I looked up, hearing the familiar alarm announcing it was time for my break. It was only a short one, I had twenty minutes to grab something to eat and anything else I felt I had to do. I looked to the rest of the fans standing in line sympathetically and shouted an apology, saying I'd be back as soon as possible. With that I headed off in the direction of the VIP quarters set aside for youtubers only, where I'd hopefully find something good to eat. I was hungry, but at the same time I didn't feel like I could stomach anything. I wasn't sick necessarily, it was just the intense anxiety I'd been feeling all day. He was going to be here soon. What would I say? Would I say anything at all? Was there anything I could say? And what if Sage had told him about my call and the reason he hadn't gotten back was merely because he just didn't care?

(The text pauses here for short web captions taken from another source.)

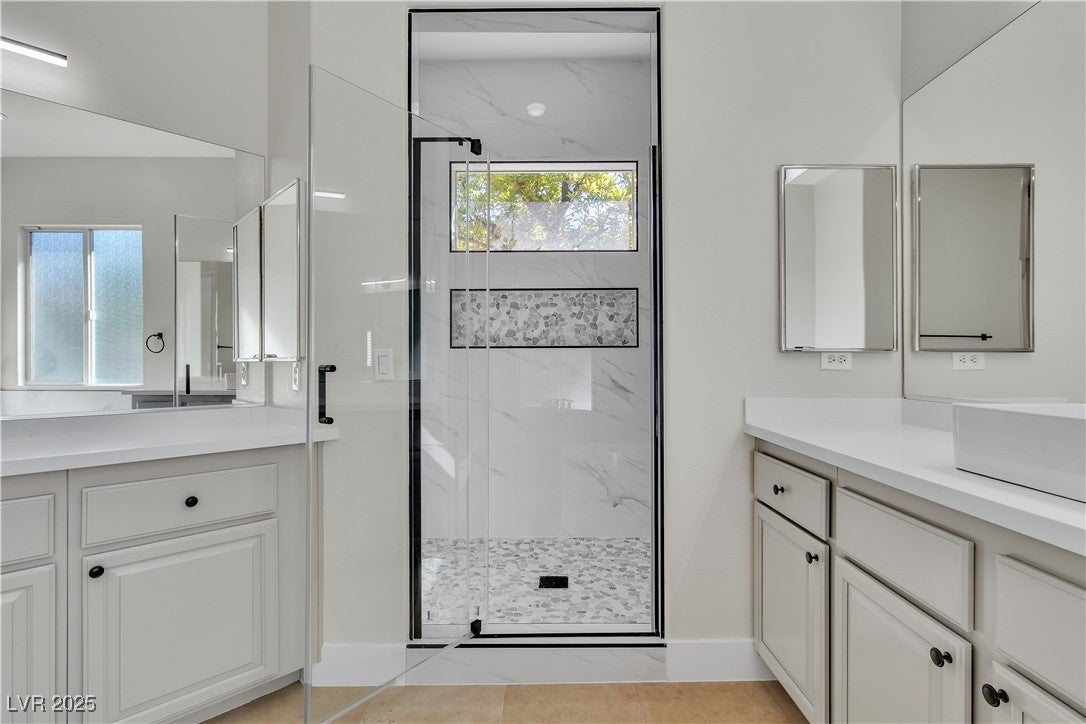 Las Vegas, Nevada, 89138, United States, 4 Bedrooms Bedrooms, ,4 BathroomsBathrooms,Residential,For Sale,1836630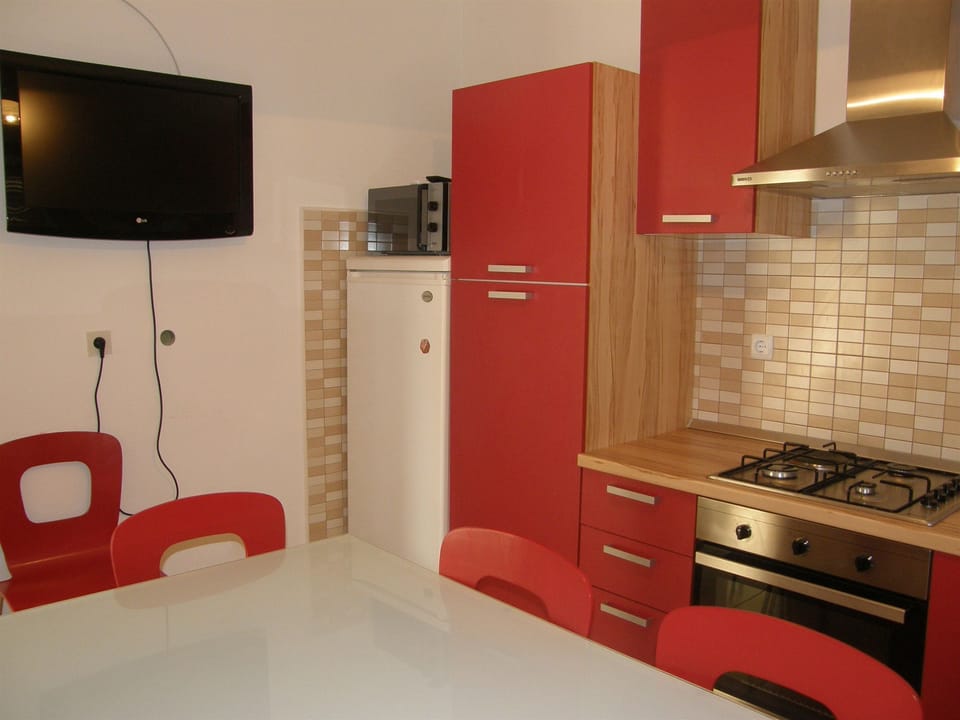 Apartment (A1) | Private kitchen | Fridge, oven, stovetop, electric kettle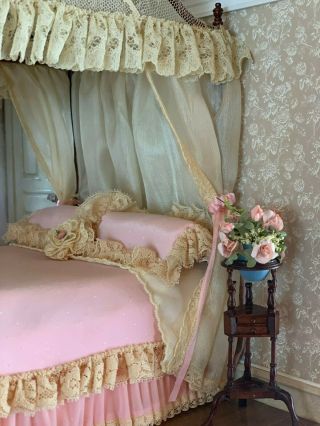 1986 Nellie Bell Miniature Dollhouse Artisan Pink Silk Lace Canopy Bed ROMANTIC 2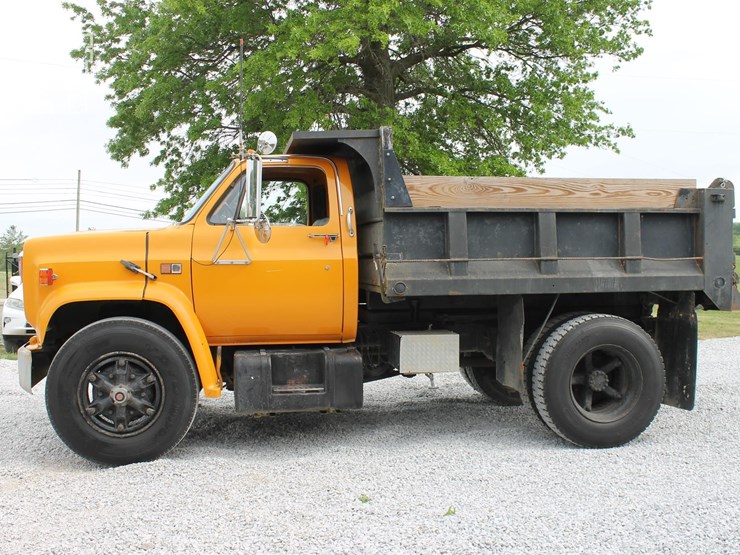 1983-gmc-7000-image-2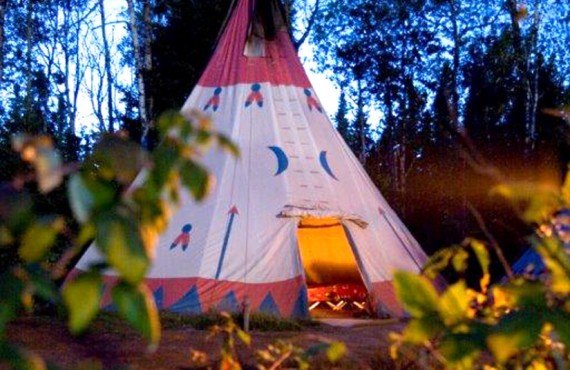 Dormir en tipi à la Pourvoirie du Triton Dormir en tipi à la Pourvoirie du Triton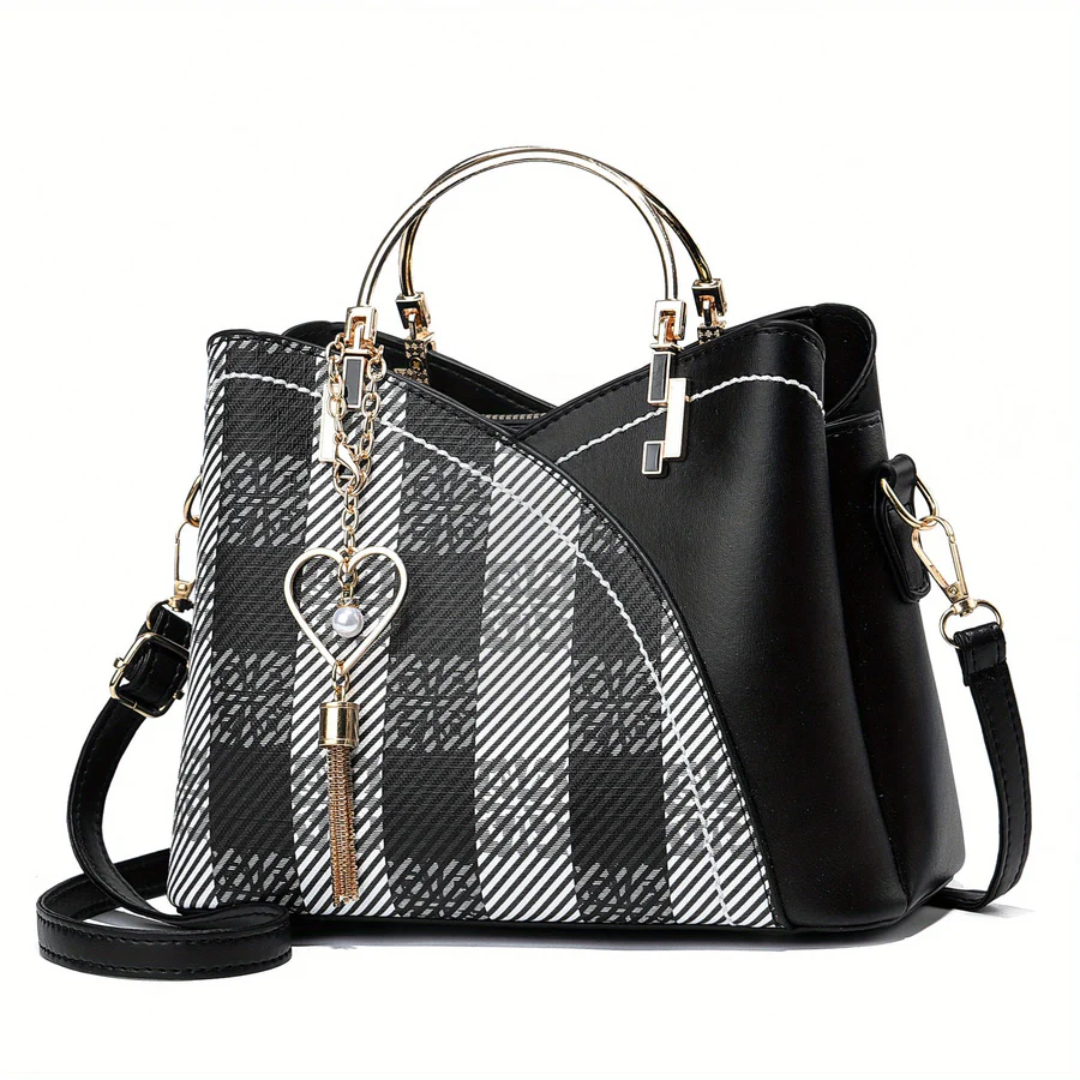 Schwarz-weiß karierte Handtasche mit Herzanhänger, Leder, Damenmode, elegant, modern.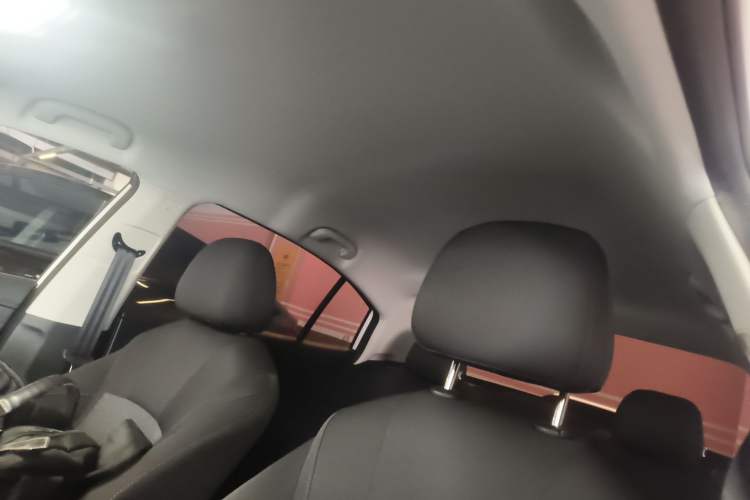 Used Roewe i5 2026 Model 1.5L Manual Comfort Version
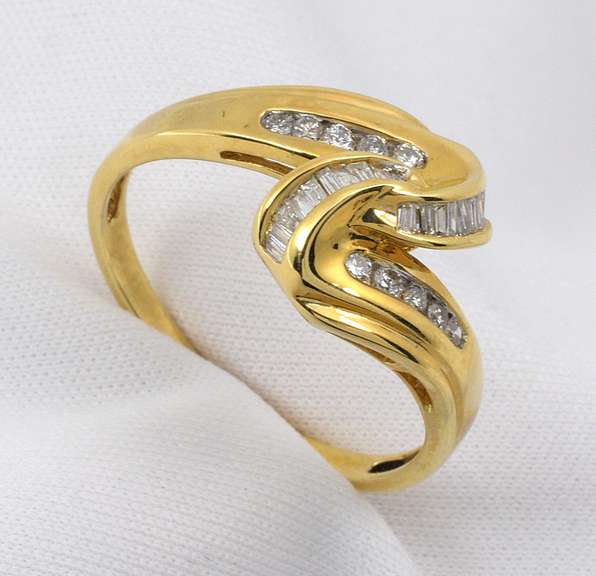 Nicely Designed Channel Set Diamond Ring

Of course he doesn't care, Tyler, he's in a relationship now.

"Tyler!" I looked up from my feet just in time to be swept up into a tight embrace from none other than Marcus Butler. It had been a long time since we'd last seen each other, or even spoken. I still wasn't really into human contact, but this hug wasn't anything like the one from Grace a week ago. It was because he didn't know, so I had no reason to feel uncomfortable around him. He had no idea what was going on in my life, and for that I was thankful. It was hard enough managing my crazy thoughts about Troye, but there was no way I could handle a real conversation about him. Hence, why I'd been avoiding every other Youtuber since arriving as best I could.

"How come you arrived so late today? That wasn't like you." We continued walking toward the buffet table, him keeping an arm wrapped around my waist. Truthfully, I'd been late because I'd been up the entire night beside myself with anxiety and then it had taken me three hours to get ready. Oh, and even though I'd arrived with ten minutes to spare I'd sat in my car staring off into space like some sort of zombie. I had tried so hard to think of some way out of it, some way to avoid seeing how happy he was without me. Eventually I'd realized it wasn't fair to the fans, and I'd always told them they mattered most to me. I'd decided to go inside and promised myself not to let Troye steal my time with them away. But even while girls were explaining their life stories to me I'd found my eyes drifting to every entry into the room, looking for Troye. His booth was right beside mine, a fact that had really annoyed me when I'd found out earlier this morning. But at least he was extremely late, so I would have a bit more time to prepare myself.

"Tyler?"

"Sick. I'm sick." I blurted, suddenly his arm not feeling as comfortable. It wasn't like he knew, but the way he kept pressing me made me feel antsy. I didn't like talking about my life at all lately. I felt like people would judge me, isn't that what everyone who knew so far had done? I didn't want or need their pity, I knew my life was shit without their help.

"Oh, can I get you anything?"

"No, I'll be fine." It would seem I was becoming a compulsive liar due to this heartbreak. I knew very well I would not be fine, I wasn't fine now. But I just needed to keep up my act, for just a few more hours, and then I'd be free to break down in my hotel room alone.